In the end, prudence fails. And from prudence, we must instead turn to hope. But what is hope? In his “Sketch of a Phenomenology and Metaphysic of Hope” Marcel discusses the true hope in detail. But, in a word, we may perhaps state hope as this: hope is what urges us to surrender ourselves, to disrobe and let the possibility of alterity, of transcendence, and as well as oblivion, pierce through our openness, our vulnerability. It is an unconditional surrender–we surrender our hearts, our minds, our bodies, and our souls, and in doing so we forego any conditions, and terms, any clauses, any particularities. We give ourselves up completely to the Light which disarms, removing us of all our armor and penetrating us with His rays; we retreat from the center of the field and allow Him to take the high ground. And we trust in His goodness.

But what surety do we have that this Light is good–or, indeed, if there is such a Light to face in our nakedness? Alas, we have none. But all we know is that to crave for surety is a withdrawal of judgment. It is a postponement, a condition. And if we are to truly hope in Him, then we are to let go of the mantle of cognition.

So are we to merely disrobe ourselves of everything and–let all be? Hardly so, for, as we have seen, baring, exposing ourselves is in itself a struggle, if not the struggle. I have to let an other to see me; I have to let Him see us. And we shall have to have desire–for her, for us, for Him–if we are to win this struggle at all. We have to want the other to see us, to rejoice in us as we rejoice in them, to speak as they speak, to caress their skin as they do ours, to meet lips with lips in kiss, to become as one. And then, and yet at the same time, we are to delight in our vulnerability, our smallness, in our humility–and we believe that He, in His grace, will find our faults and alter it, that He will reside in our frustrations and our failures and turn them into our victories.
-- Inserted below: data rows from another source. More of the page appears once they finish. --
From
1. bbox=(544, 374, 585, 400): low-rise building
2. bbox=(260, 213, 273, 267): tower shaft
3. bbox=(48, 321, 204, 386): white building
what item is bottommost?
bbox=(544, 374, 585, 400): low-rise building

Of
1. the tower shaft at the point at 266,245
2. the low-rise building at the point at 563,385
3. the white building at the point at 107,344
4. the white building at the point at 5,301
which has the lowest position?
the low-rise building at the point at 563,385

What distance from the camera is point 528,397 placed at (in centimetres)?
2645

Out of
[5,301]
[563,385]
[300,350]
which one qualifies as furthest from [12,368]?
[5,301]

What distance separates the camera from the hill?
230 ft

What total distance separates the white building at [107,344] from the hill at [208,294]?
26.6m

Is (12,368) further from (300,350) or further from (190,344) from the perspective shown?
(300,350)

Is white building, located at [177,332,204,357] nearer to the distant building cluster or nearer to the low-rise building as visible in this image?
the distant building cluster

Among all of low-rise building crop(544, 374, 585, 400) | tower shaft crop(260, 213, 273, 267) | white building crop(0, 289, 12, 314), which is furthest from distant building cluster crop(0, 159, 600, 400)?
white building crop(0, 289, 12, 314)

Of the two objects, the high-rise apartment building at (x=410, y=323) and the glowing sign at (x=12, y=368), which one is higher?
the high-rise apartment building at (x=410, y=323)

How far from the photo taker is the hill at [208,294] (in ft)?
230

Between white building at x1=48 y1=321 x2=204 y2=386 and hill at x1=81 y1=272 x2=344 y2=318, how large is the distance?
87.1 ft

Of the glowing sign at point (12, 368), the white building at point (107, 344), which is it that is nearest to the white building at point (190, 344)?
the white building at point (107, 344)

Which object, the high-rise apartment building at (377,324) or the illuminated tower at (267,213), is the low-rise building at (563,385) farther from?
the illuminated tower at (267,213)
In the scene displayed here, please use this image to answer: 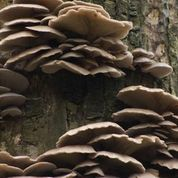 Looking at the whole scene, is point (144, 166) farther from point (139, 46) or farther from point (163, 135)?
point (139, 46)

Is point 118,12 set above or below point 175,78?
above

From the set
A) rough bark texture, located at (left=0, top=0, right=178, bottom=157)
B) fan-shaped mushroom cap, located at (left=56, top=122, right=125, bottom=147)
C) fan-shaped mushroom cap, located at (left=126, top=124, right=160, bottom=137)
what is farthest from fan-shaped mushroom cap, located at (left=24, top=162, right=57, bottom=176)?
fan-shaped mushroom cap, located at (left=126, top=124, right=160, bottom=137)

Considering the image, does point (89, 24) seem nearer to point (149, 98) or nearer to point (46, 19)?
point (46, 19)

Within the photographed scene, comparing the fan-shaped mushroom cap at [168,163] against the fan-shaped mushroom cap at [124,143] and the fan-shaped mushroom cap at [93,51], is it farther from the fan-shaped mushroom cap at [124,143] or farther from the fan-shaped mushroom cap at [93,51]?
the fan-shaped mushroom cap at [93,51]

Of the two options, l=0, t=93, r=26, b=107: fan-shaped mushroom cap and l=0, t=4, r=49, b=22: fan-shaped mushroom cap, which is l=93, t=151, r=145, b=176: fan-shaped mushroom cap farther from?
l=0, t=4, r=49, b=22: fan-shaped mushroom cap

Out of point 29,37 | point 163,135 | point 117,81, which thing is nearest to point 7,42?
point 29,37

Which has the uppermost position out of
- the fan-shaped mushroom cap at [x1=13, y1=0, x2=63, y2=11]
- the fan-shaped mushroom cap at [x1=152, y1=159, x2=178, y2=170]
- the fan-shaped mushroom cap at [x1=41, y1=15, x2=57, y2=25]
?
the fan-shaped mushroom cap at [x1=13, y1=0, x2=63, y2=11]

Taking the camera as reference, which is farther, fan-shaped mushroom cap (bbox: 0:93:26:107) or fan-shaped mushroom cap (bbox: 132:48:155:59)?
fan-shaped mushroom cap (bbox: 132:48:155:59)

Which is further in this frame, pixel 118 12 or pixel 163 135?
pixel 118 12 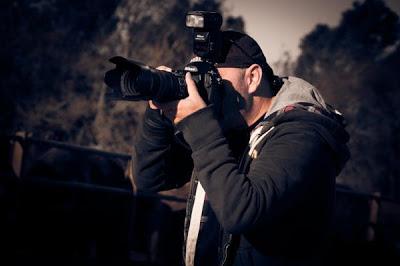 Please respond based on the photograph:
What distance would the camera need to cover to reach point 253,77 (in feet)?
6.86

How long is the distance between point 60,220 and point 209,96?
502cm

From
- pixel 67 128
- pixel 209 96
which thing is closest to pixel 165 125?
pixel 209 96

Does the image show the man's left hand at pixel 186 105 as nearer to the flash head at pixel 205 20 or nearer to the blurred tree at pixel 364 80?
the flash head at pixel 205 20

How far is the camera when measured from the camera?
166 centimetres

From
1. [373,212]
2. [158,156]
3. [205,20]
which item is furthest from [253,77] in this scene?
[373,212]

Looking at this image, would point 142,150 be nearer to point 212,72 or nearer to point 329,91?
point 212,72

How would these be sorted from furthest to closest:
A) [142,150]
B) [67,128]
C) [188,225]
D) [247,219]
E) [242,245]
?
[67,128] < [142,150] < [188,225] < [242,245] < [247,219]

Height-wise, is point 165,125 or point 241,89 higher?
point 241,89

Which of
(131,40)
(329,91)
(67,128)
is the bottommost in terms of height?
(67,128)

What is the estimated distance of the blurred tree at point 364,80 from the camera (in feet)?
88.0

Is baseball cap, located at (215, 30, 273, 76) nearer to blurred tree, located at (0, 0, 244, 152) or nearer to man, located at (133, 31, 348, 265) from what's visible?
man, located at (133, 31, 348, 265)

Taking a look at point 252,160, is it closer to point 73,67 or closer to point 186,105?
point 186,105

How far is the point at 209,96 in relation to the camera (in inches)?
70.5

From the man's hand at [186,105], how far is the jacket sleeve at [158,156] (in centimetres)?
33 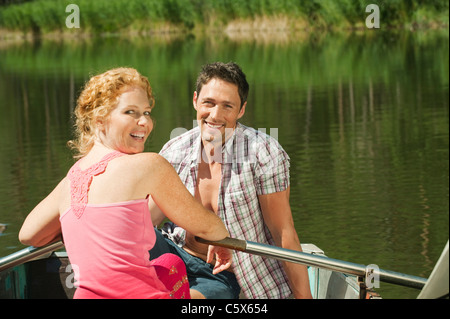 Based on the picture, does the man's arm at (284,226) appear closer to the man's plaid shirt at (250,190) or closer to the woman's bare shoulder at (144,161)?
the man's plaid shirt at (250,190)

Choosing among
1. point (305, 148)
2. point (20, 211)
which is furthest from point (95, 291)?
point (305, 148)

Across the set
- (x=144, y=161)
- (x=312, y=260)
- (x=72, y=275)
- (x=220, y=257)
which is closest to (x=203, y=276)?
(x=220, y=257)

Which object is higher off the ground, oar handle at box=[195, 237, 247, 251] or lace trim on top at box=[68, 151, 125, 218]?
lace trim on top at box=[68, 151, 125, 218]

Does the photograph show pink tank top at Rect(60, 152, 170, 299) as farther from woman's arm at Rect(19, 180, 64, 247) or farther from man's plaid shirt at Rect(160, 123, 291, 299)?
man's plaid shirt at Rect(160, 123, 291, 299)

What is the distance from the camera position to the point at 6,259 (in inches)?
116

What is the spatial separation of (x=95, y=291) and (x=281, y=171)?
100cm

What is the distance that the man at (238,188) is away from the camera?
3.04 m

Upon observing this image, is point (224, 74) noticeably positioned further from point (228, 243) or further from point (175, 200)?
point (175, 200)

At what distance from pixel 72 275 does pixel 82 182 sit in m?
1.16

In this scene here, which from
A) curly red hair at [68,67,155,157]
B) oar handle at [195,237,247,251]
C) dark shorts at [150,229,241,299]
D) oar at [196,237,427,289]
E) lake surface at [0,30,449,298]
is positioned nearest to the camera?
curly red hair at [68,67,155,157]

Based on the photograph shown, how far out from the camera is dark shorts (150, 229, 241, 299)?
297 centimetres

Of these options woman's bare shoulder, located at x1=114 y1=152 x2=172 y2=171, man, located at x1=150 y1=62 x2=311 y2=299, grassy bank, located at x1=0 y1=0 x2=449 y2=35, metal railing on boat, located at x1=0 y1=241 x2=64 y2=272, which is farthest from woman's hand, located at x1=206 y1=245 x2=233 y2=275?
grassy bank, located at x1=0 y1=0 x2=449 y2=35

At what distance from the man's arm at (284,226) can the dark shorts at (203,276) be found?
0.72ft

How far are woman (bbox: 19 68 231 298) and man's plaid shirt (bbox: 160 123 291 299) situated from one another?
57 cm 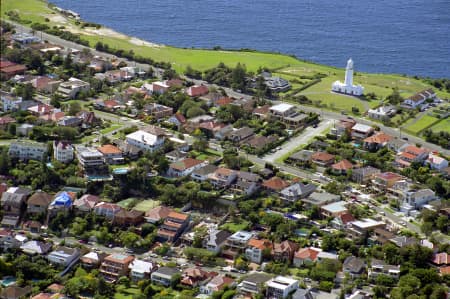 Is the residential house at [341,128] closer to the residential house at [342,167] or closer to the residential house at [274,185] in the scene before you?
the residential house at [342,167]

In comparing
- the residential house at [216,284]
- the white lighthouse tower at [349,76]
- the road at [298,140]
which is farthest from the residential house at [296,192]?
the white lighthouse tower at [349,76]

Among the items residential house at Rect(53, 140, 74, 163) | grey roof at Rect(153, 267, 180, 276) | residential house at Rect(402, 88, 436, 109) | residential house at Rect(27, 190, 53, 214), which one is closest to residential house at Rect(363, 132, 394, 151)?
residential house at Rect(402, 88, 436, 109)

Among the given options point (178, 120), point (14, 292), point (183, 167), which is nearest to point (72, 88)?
point (178, 120)

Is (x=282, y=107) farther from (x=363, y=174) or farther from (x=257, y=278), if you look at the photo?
(x=257, y=278)

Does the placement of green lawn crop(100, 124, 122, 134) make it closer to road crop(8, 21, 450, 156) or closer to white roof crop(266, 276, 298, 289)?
road crop(8, 21, 450, 156)

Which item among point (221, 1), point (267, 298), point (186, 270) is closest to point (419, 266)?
point (267, 298) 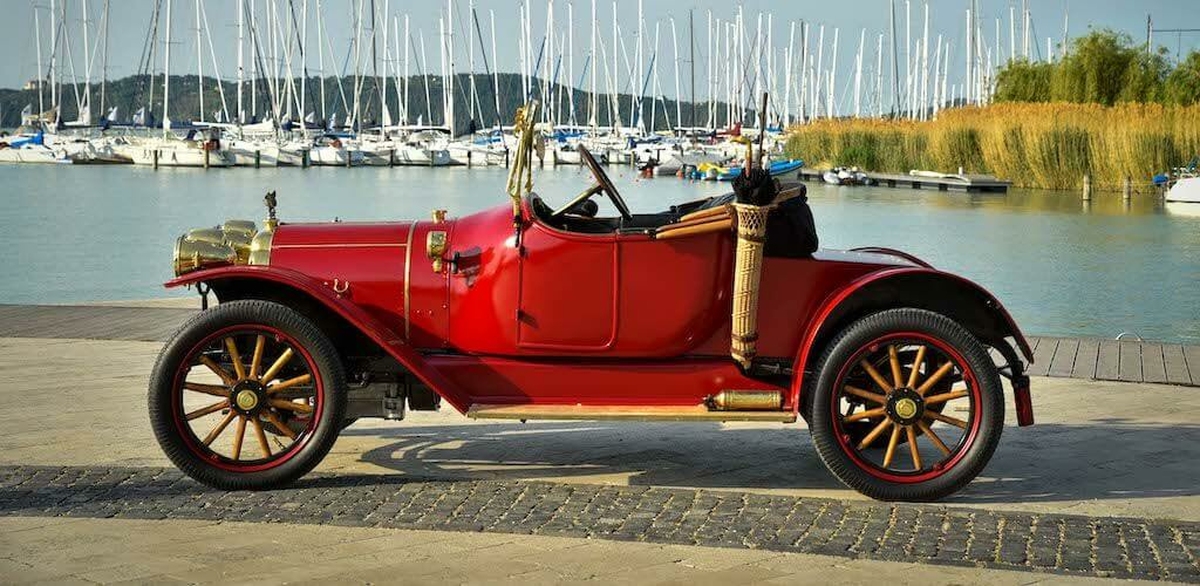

In the end, then, we ask ourselves: how, then, are we to do this struggle? How, then, do we disrobe ourselves? And this question, for us who believe, can be transposed once more: how do we pray? We echo the disciples as they ask the Lord, “teach us how to pray”. For prayer, that religious experience par excellence, as Chretien implies, is the ultimate expression of exposition–in prayer we are utterly exposed, utterly naked. By raising our voices and revealing our secrets we risk being humiliated, being seen as madmen, being disappointed in the face of a God that we cannot see. And yet, as we hope in Him, we take this risk: we deliberately endure and undergo this nakedness, trusting that in doing so God shall repay our joy in full.

It is interesting to note that in the first chapters of Genesis, Adam and Eve were created naked by God. They were completely open, completely intimate, and completely vulnerable. The slightest things, such as loose twigs and sharp stones, could have hurt them, but it was of no consequence. They held speech with God. In their Fall what they first noticed was this naked state–and they were afraid. They feared that, they being so exposed, God, and perhaps the other and even the whole of creation, could see their weakness and exploit it. So they hid, and so God clothed them, and so began the history of our shame, our fear, our self-absorption. But for we who will dare to hope in God, we are called to return home to our natural state of nakedness: but this home, we believe, will be better than before. What does this mean? We may not yet grasp this in its totality. But in disrobing ourselves, we allow the possibility that God, in His own time, will, for our (and not my) sake, make it so.